The Old Bailey: Contextual Challenges of Big Data Analysis

25 Feb
October 14, 1842 trail at the Old Bailey. Courtesy of Victorian Calendar blog.
October 14, 1842 trail at the Old Bailey. Courtesy of Victorian Calendar blog.

For the historian, text is our bread and butter. We are constantly encouraged to understand the past through close, critical reading of primary and secondary sources. In some ways, this is only natural; after all, we see the past as a series of stories, and, as storytellers, we know the public will be most invested (and perhaps more entertained) if we focus on individual human experiences to paint a sweeping narrative. In a previous post, I discussed the work of Franco Moretti and his insistence on the historian’s need to embrace what he calls “distance reading” in order to see things from a fuller perspective.[1] Although difficult to initially comprehend, this central argument for the need to step outside the box and analyze data in new, more detached ways is one that has grown on me over the semester. Thus, we are posed with an interesting question; can history in the digital realm help us achieve the traditional depth of expected in textual analysis while remaining distant enough to observe patterns otherwise missed?

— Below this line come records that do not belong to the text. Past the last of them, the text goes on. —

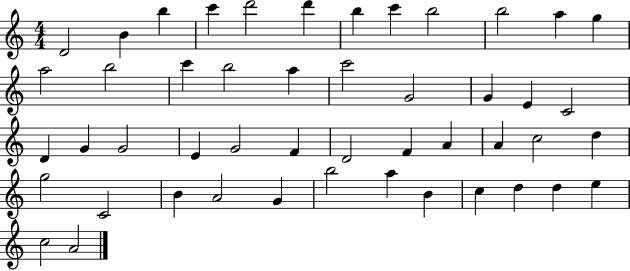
D4/h B4/q B5/q C6/q D6/h D6/q B5/q C6/q B5/h B5/h A5/q G5/q A5/h B5/h C6/q B5/h A5/q C6/h G4/h G4/q E4/q C4/h D4/q G4/q G4/h E4/q G4/h F4/q D4/h F4/q A4/q A4/q C5/h D5/q G5/h C4/h B4/q A4/h G4/q B5/h A5/q B4/q C5/q D5/q D5/q E5/q C5/h A4/h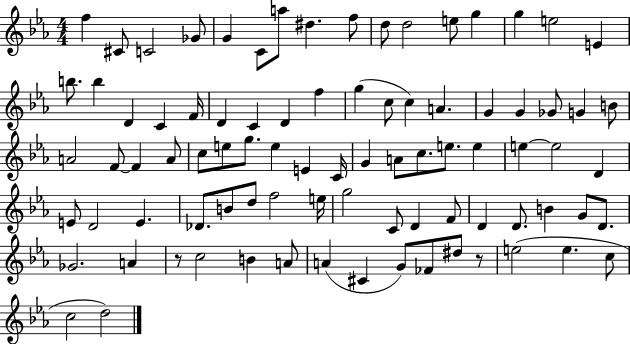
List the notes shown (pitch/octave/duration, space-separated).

F5/q C#4/e C4/h Gb4/e G4/q C4/e A5/e D#5/q. F5/e D5/e D5/h E5/e G5/q G5/q E5/h E4/q B5/e. B5/q D4/q C4/q F4/s D4/q C4/q D4/q F5/q G5/q C5/e C5/q A4/q. G4/q G4/q Gb4/e G4/q B4/e A4/h F4/e F4/q A4/e C5/e E5/e G5/e. E5/q E4/q C4/s G4/q A4/e C5/e. E5/e. E5/q E5/q E5/h D4/q E4/e D4/h E4/q. Db4/e. B4/e D5/e F5/h E5/s G5/h C4/e D4/q F4/e D4/q D4/e. B4/q G4/e D4/e. Gb4/h. A4/q R/e C5/h B4/q A4/e A4/q C#4/q G4/e FES4/e D#5/e R/e E5/h E5/q. C5/e C5/h D5/h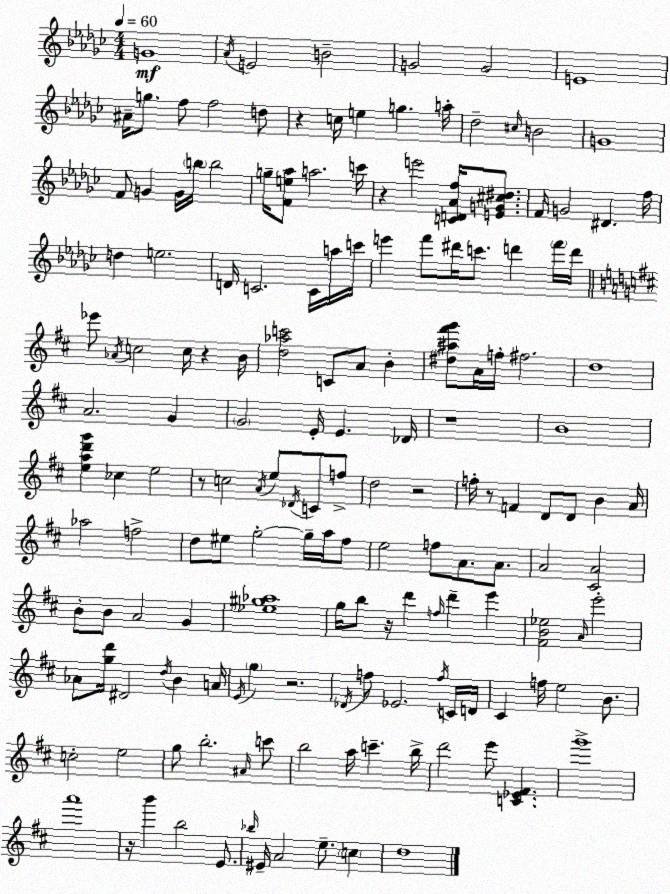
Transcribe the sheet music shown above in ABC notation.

X:1
T:Untitled
M:4/4
L:1/4
K:Ebm
G4 _A/4 E2 B2 G2 G2 E4 ^A/4 g/2 f/2 f2 d/2 z c/4 e g a/4 _d2 ^c/4 B2 G4 F/2 G G/4 b/4 b2 g/4 [Fe_a]/2 a2 c'/4 z e'2 [CD_Af]/4 [EG^c^d]/2 F/4 G2 ^D f/4 d e2 D/4 C2 C/4 a/4 c'/4 e' f'/2 ^d'/4 c'/2 d' f'/4 d'/4 _e'/2 _A/4 c2 c/4 z B/4 [d_ac']2 C/2 A/2 B [^d^a^f'g']/2 A/4 f/4 ^f2 d4 A2 G G2 E/4 E _D/4 z4 B4 [ead'g'] _c e2 z/2 c2 A/4 e/2 _D/4 C/2 f/2 d2 z2 f/4 z/2 F D/2 D/2 B A/4 _a2 f2 d/2 ^e/2 g2 g/4 a/4 ^f/2 e2 f/2 A/2 A/2 A2 [^CA]2 B/2 B/2 A2 G [_e^g_a]4 g/4 b/2 z/4 d' f/4 d' e' [^FB_e]2 A/4 e'2 _A/2 [gd']/4 ^D2 d/4 B A/4 E/4 g z2 _D/4 f/2 _E2 f/4 C/4 D/4 ^C f/4 e2 B/2 c2 e2 g/2 b2 ^A/4 c'/2 b2 a/4 c' b/4 d'2 e'/2 [C_E^F] g'4 a'4 z/4 b' b2 E/2 _b/4 ^E/4 A2 e/2 c d4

Part of the answer lies seeing what we have produced so far. Although we still have a long way to go, sites like The Old Bailey suggest that distant and close reading of sources is certainly possible and profitable. The site is dedicated to allowing users to search through a digitized collection of over 100,000 court proceedings that took place in England’s Old Bailey courthouse from 1674 to 1863. Results can be searched and sorted according to gender of defendant/victim, offenses, verdicts and punishments and displayed in a variety of ways from tables to graphs.[2] Of course, extracting meaning from this abstracted cache depends on context—and thankfully, the site provides a very helpful historical background tab that gives new and returning users the lowdown on where these documents come from and what they mean. This critical addition opens the door to the site’s true potential. One can not only perform the usual keyword searches to dig for specific trials, but also trace the shifting frequency of usage of words in court cases over the years. Even for someone familiar with only the broad strokes of British history, I can easily see the potential for pursuing questions about the shifting political and social nature of the country over the years. For example, it would be quite interesting to see what crimes are most commonly committed when the country is at war, as this might be able to tell us something about the ripple effect of an event like America’s Revolutionary War throughout Britain.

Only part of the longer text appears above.